[Data excerpts]
************

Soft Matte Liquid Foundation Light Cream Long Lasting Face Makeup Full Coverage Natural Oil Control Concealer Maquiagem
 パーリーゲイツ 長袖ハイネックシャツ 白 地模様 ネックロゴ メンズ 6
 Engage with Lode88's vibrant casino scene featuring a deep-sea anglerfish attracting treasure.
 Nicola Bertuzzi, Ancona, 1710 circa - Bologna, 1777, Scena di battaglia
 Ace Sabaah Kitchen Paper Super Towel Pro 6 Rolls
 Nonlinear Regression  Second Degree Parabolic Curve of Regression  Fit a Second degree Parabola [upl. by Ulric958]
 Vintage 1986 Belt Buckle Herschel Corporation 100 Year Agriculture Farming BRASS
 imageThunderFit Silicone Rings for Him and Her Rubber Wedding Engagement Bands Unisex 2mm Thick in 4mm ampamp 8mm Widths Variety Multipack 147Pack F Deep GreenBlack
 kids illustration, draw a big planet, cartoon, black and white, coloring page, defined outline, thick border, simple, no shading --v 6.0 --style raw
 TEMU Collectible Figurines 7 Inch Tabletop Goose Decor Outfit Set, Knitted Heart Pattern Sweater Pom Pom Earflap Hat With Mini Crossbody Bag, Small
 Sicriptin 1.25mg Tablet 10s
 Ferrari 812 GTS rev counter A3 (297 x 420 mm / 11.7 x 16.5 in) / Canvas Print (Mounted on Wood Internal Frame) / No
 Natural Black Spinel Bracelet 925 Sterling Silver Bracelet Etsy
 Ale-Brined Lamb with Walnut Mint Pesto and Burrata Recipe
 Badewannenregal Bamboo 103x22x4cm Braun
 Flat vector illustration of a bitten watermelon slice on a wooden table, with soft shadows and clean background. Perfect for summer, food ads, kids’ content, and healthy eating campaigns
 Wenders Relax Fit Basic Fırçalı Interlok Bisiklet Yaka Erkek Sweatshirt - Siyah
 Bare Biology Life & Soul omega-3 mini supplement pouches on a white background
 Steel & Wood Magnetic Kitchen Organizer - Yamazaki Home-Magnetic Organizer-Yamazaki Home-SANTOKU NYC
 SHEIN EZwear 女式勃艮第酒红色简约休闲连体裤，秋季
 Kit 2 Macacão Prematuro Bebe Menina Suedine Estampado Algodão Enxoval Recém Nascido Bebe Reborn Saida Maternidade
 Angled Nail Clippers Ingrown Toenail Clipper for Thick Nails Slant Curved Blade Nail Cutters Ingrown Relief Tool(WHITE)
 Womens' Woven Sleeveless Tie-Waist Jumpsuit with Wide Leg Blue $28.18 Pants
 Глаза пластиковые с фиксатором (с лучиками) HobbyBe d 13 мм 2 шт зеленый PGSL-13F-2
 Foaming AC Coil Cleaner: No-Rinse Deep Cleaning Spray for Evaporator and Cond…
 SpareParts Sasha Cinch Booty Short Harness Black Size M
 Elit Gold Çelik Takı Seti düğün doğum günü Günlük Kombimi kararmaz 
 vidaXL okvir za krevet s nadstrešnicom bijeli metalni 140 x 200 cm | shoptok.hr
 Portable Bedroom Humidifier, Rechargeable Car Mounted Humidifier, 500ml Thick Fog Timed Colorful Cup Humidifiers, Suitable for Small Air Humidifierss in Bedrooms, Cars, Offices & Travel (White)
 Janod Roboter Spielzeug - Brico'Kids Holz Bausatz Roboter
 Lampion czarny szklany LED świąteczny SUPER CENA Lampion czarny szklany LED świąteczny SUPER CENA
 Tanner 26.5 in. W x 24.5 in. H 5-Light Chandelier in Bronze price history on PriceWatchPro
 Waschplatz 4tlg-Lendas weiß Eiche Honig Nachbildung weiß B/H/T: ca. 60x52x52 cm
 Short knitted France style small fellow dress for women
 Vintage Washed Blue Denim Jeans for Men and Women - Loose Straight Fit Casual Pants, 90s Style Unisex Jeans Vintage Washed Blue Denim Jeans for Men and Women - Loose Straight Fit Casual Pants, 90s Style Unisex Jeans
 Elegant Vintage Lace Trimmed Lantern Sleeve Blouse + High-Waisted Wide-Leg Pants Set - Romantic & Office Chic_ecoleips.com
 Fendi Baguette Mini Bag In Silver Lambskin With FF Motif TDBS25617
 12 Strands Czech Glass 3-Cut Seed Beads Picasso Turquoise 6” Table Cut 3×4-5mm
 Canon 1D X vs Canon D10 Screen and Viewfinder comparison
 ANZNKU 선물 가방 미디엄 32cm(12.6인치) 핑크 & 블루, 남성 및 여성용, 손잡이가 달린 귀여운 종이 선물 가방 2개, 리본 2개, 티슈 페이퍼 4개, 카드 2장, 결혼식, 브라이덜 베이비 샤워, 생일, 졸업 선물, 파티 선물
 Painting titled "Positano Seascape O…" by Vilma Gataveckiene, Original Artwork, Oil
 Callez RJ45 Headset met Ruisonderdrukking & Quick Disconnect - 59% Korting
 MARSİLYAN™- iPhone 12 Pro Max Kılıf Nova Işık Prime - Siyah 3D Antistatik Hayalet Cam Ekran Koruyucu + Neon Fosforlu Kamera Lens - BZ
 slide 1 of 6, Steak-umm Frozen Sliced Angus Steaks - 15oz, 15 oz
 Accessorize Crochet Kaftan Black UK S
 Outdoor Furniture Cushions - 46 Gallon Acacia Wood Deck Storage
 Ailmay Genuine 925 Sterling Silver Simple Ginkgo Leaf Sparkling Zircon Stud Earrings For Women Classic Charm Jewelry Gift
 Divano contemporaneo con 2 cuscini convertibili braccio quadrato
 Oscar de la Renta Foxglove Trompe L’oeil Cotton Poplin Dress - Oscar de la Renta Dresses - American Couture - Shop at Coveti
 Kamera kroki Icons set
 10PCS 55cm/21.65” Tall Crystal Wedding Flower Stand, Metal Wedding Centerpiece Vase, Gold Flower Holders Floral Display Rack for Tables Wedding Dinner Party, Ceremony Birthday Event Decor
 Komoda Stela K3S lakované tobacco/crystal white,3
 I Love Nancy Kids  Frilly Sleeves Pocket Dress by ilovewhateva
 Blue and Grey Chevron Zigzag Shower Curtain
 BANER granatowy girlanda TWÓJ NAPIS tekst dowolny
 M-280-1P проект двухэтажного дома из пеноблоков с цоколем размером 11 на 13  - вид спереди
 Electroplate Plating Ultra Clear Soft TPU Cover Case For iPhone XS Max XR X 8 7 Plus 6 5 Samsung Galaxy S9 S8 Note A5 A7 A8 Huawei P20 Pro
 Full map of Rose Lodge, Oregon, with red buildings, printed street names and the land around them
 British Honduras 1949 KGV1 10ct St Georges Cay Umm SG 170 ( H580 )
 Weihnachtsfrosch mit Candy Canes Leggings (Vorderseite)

************

> _Assigned task_
Each line of the records, from the opening one through the line holding "Natural Black Spinel", should be restated word for word, with nothing else in the answer.

> _Your response_
Soft Matte Liquid Foundation Light Cream Long Lasting Face Makeup Full Coverage Natural Oil Control Concealer Maquiagem
 パーリーゲイツ 長袖ハイネックシャツ 白 地模様 ネックロゴ メンズ 6
 Engage with Lode88's vibrant casino scene featuring a deep-sea anglerfish attracting treasure.
 Nicola Bertuzzi, Ancona, 1710 circa - Bologna, 1777, Scena di battaglia
 Ace Sabaah Kitchen Paper Super Towel Pro 6 Rolls
 Nonlinear Regression  Second Degree Parabolic Curve of Regression  Fit a Second degree Parabola [upl. by Ulric958]
 Vintage 1986 Belt Buckle Herschel Corporation 100 Year Agriculture Farming BRASS
 imageThunderFit Silicone Rings for Him and Her Rubber Wedding Engagement Bands Unisex 2mm Thick in 4mm ampamp 8mm Widths Variety Multipack 147Pack F Deep GreenBlack
 kids illustration, draw a big planet, cartoon, black and white, coloring page, defined outline, thick border, simple, no shading --v 6.0 --style raw
 TEMU Collectible Figurines 7 Inch Tabletop Goose Decor Outfit Set, Knitted Heart Pattern Sweater Pom Pom Earflap Hat With Mini Crossbody Bag, Small
 Sicriptin 1.25mg Tablet 10s
 Ferrari 812 GTS rev counter A3 (297 x 420 mm / 11.7 x 16.5 in) / Canvas Print (Mounted on Wood Internal Frame) / No
 Natural Black Spinel Bracelet 925 Sterling Silver Bracelet Etsy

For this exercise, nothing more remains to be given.